#### Work order:
Return the full set of entries precisely. Do not carry over any pictures.

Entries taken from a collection
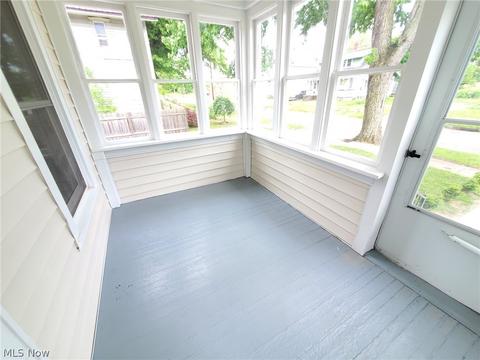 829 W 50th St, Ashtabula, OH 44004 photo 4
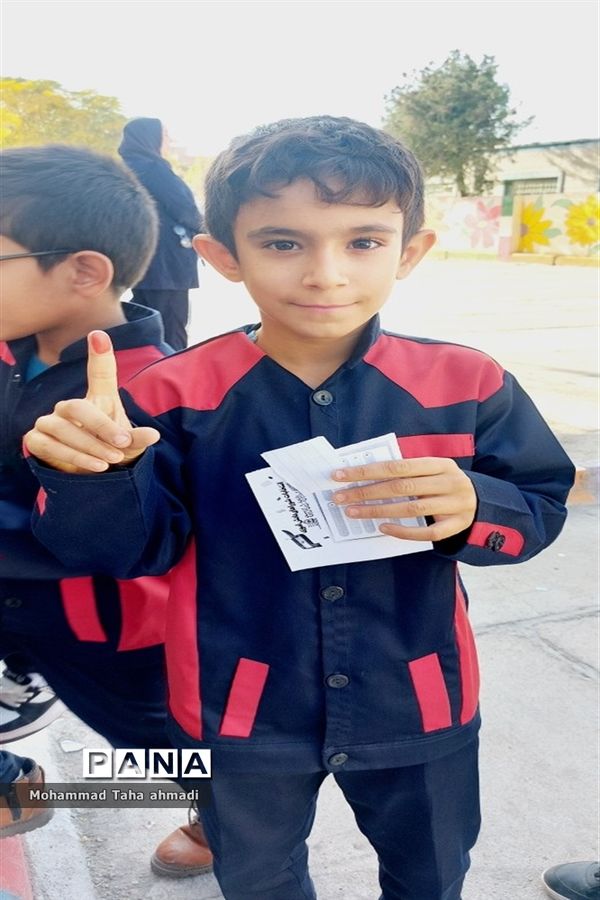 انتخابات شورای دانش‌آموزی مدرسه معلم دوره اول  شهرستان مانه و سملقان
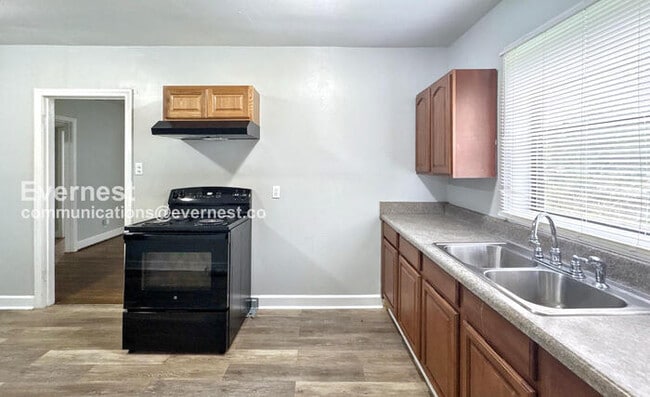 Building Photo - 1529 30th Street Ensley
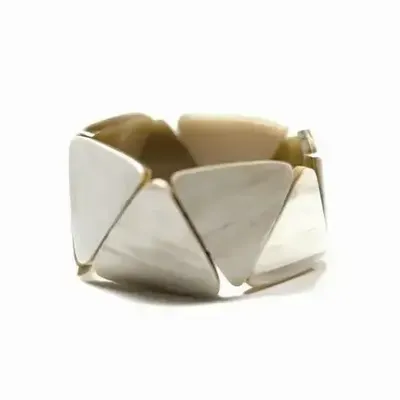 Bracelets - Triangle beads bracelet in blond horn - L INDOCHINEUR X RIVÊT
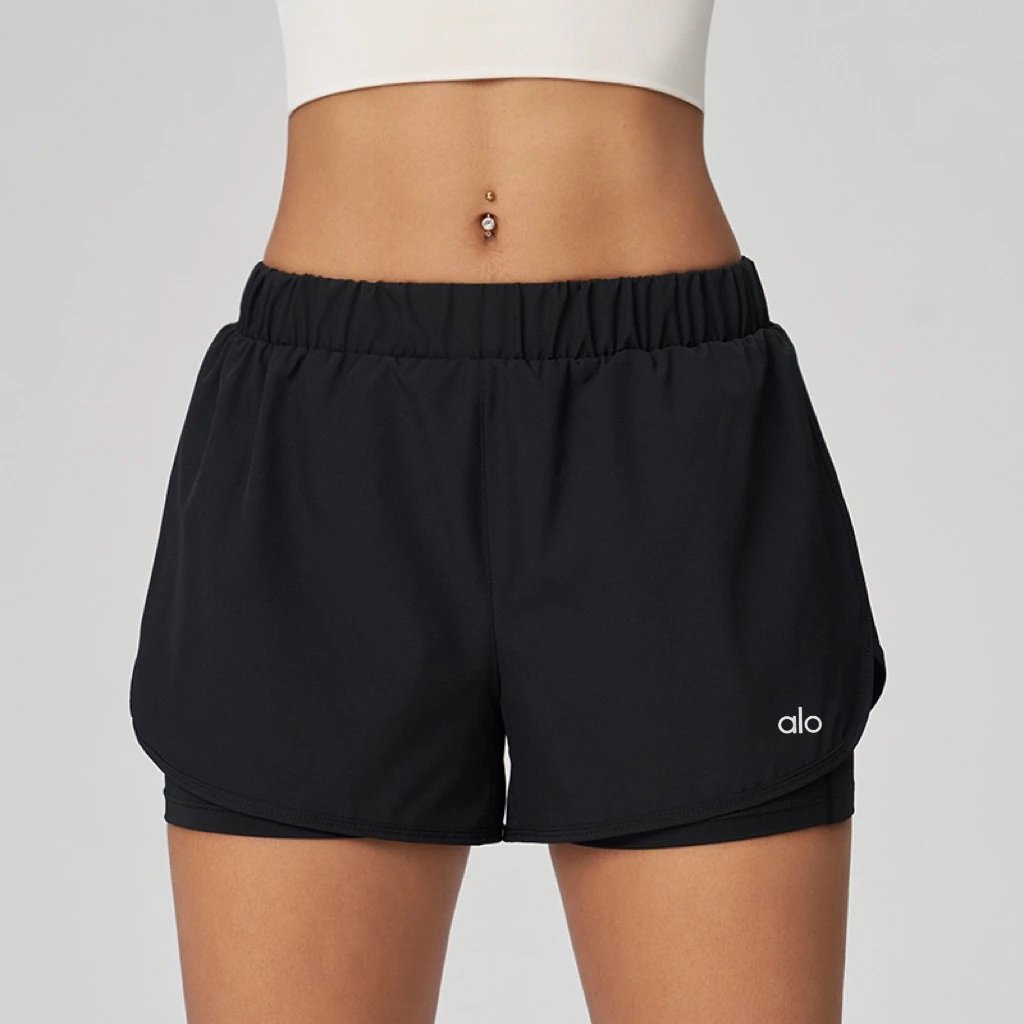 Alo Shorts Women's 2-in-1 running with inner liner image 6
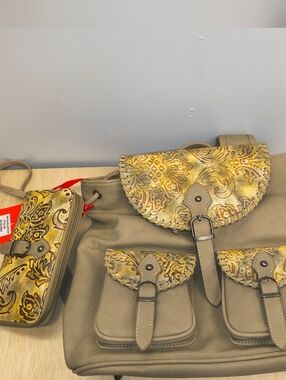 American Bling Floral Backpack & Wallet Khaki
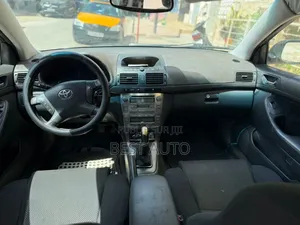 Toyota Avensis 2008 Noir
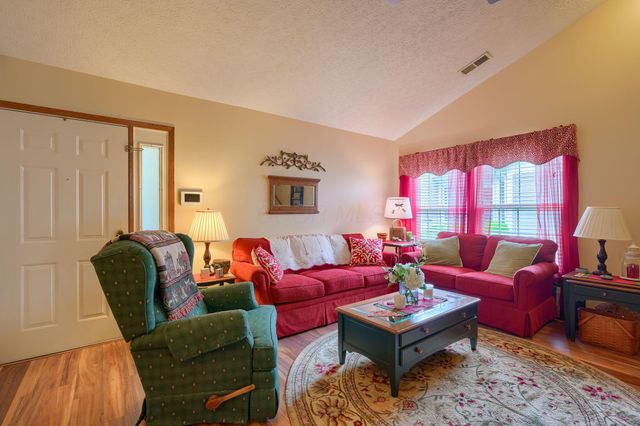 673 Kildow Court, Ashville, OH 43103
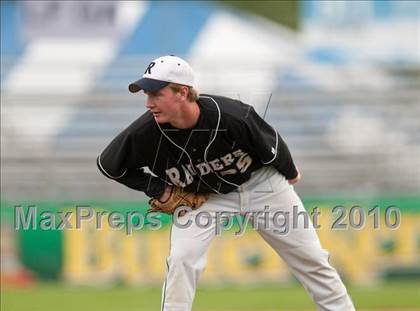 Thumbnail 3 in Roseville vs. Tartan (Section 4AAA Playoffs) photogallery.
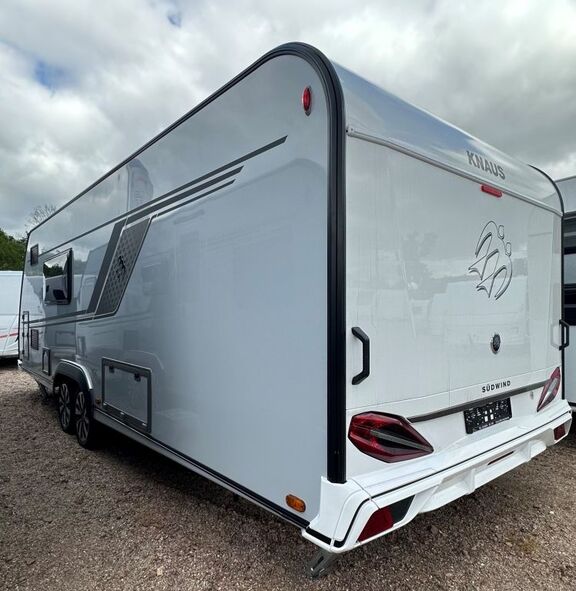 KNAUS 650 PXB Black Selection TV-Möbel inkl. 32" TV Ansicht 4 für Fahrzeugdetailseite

#### Task output:
 829 W 50th St, Ashtabula, OH 44004 photo 4
 انتخابات شورای دانش‌آموزی مدرسه معلم دوره اول  شهرستان مانه و سملقان
 Building Photo - 1529 30th Street Ensley
 Bracelets - Triangle beads bracelet in blond horn - L INDOCHINEUR X RIVÊT
 Alo Shorts Women's 2-in-1 running with inner liner image 6
 American Bling Floral Backpack & Wallet Khaki
 Toyota Avensis 2008 Noir
 673 Kildow Court, Ashville, OH 43103
 Thumbnail 3 in Roseville vs. Tartan (Section 4AAA Playoffs) photogallery.
 KNAUS 650 PXB Black Selection TV-Möbel inkl. 32" TV Ansicht 4 für Fahrzeugdetailseite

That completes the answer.